We argue the government to urgently lay strategies of reopening schools so as to curb the ongoing practices of early marriages and child pregnancies
Government should set up a special fund (seed capital) to help youth startup small businesses; also enact some policies that can help refugee youths to benefit on other youth led government programs.
We recommend establishment of fully fledged Youth Skills Development Centres in zone 4 and zone. These should offer skills through a Work Based Learning (WBL) approach with integrated ICT and entrepreneurship training as a means of enhancing life skills amongst refugees and the host communities
We recommend that refugee youth and those from host communities be involved in the current efforts towards eliminating harmful subsidies, and increasing access to beneficial subsidies to small business owners and young entrepreneurs.

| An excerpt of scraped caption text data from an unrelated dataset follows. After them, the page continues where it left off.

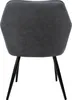 The back view of a dark gray chair with black metal legs. Náhľad obrázku produktu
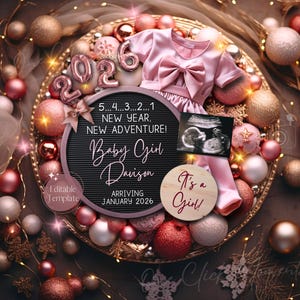 Magical New Years Baby Girl Announcement, Digital 2026 Pregnancy Announcement, Pink Boho Christmas Gender Reveal, Social Media Edit Template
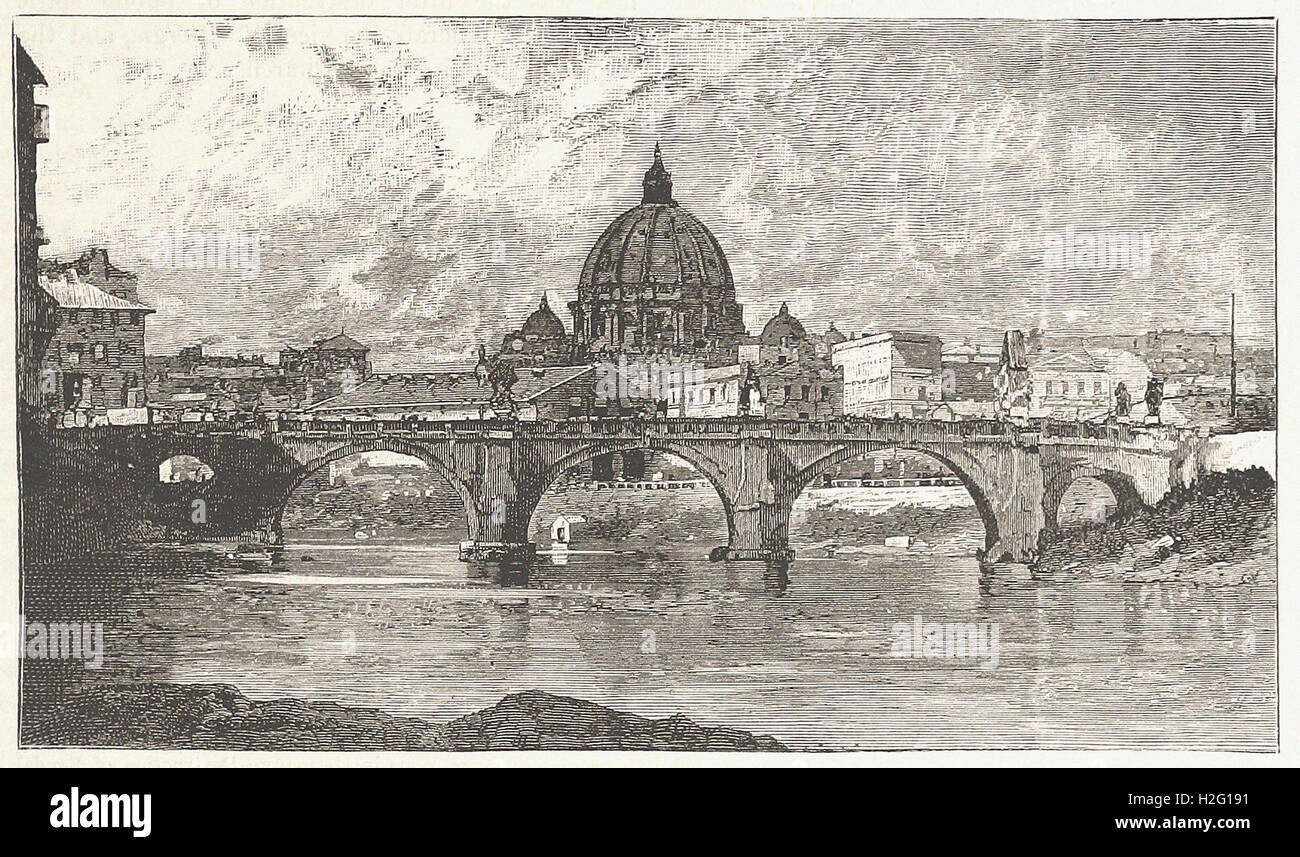 BRIDGE OF ST. ANGELO, ROME - from 'Cassell's Illustrated Universal History' - 1882 Stock Photo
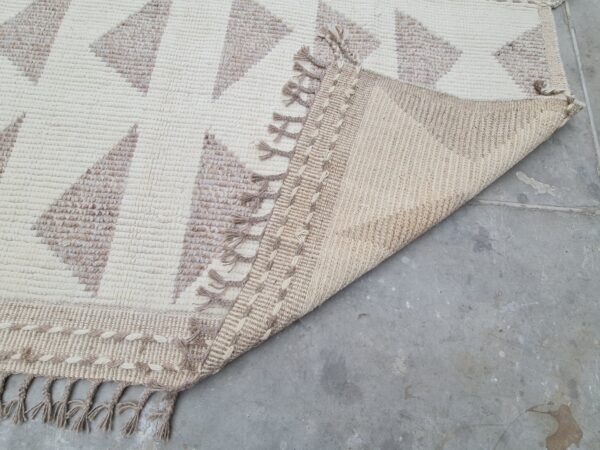 Textural Brown and White Moroccan Hand Knotted Wool Afghan Rug - Image 9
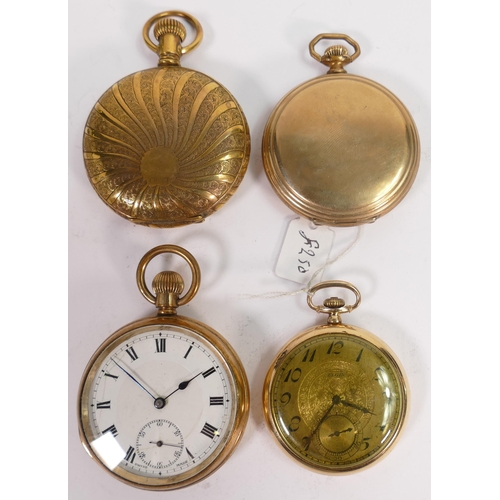 661 - Four gents original gold plated / gilt metal pocket watches. Three in ticking order, largest not wor... 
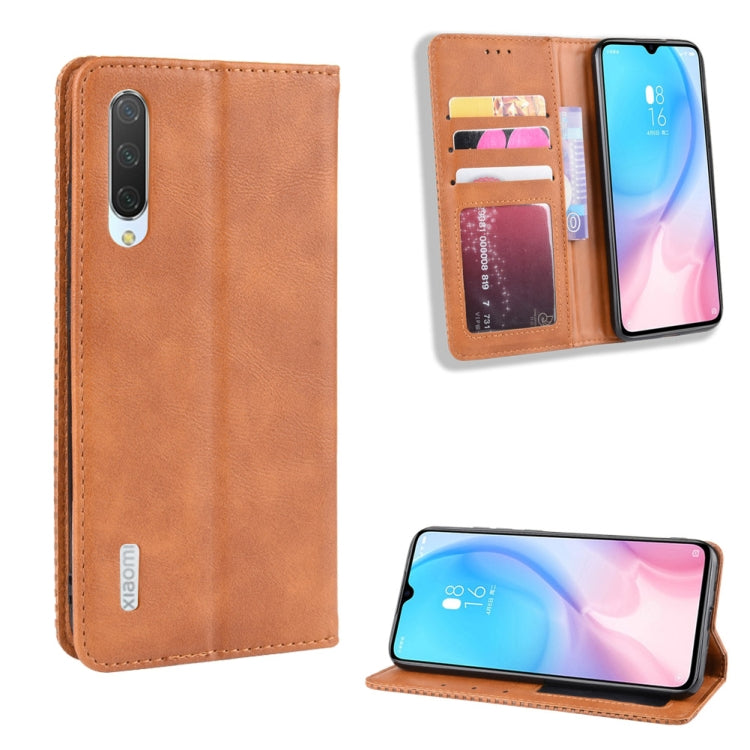 Magnetic Buckle Retro Crazy Horse Texture Horizontal Flip Leather Case for Xiaomi CC9e /A3, with Holder & Card Slots & Photo Frame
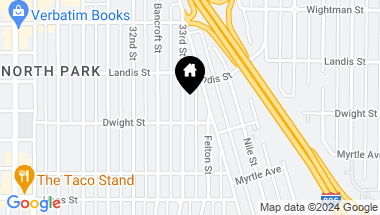 Map of 3627-29 33rd St, North Park CA, 92104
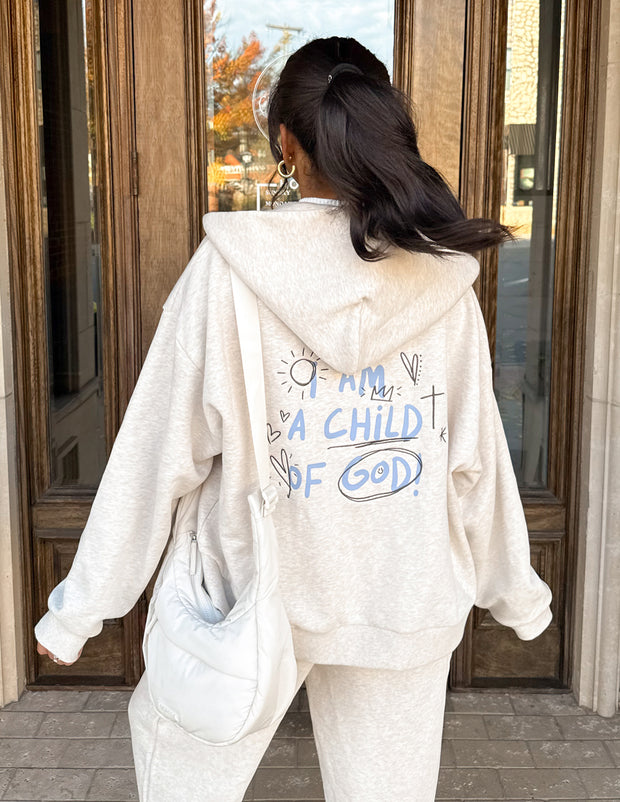 Child of God Eggshell Full-Zip Hoodie Christian Jacket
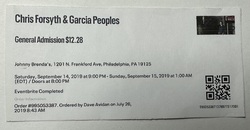 Ticket stub, tags: Ticket - Chris Forsyth / Garcia Peoples / Long Hots on Sep 14, 2019 [773-small]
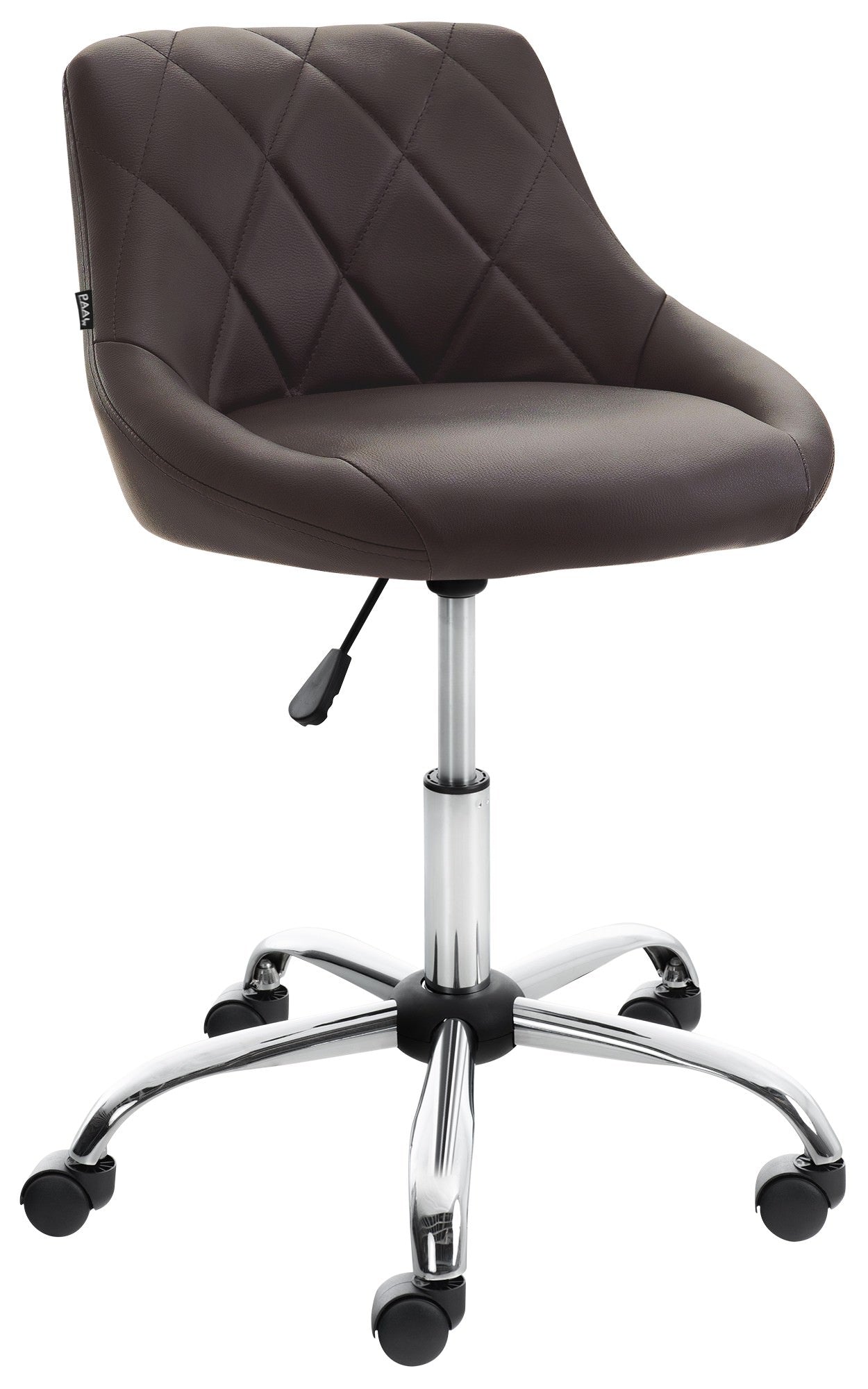 Werkkruk - Comfortabele Zitting - In Hoogte Verstelbaar, Draaibaar en Ergonomisch Design Kleur bruin Materiaal kunstleer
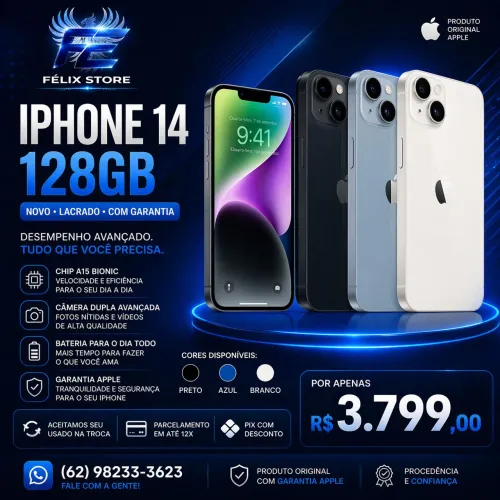 iPhone 14 128GB Novo Lacrado Garantia Apple Troca e Parcelamento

We call upon government to take urgent action on food security by initiating small scale sustainable farming for quick growing crops amongst refugees and host communities. This be integrated with wise use of the environment and other natural resources as a means of booting nutrition and incomes at household level
We demand that partners adopt practices that encourage and support their youth population when it comes to protecting and sustaining biodiversity, recognizing the central participation of youth in the local community level; Initiatives aimed at protecting mother earth
There is need to invest in massive trauma healing and guided counseling sessions at community and/or household level amongst the refugee communities across board as a means of reducing and managing violent practices that have resulted into suicide.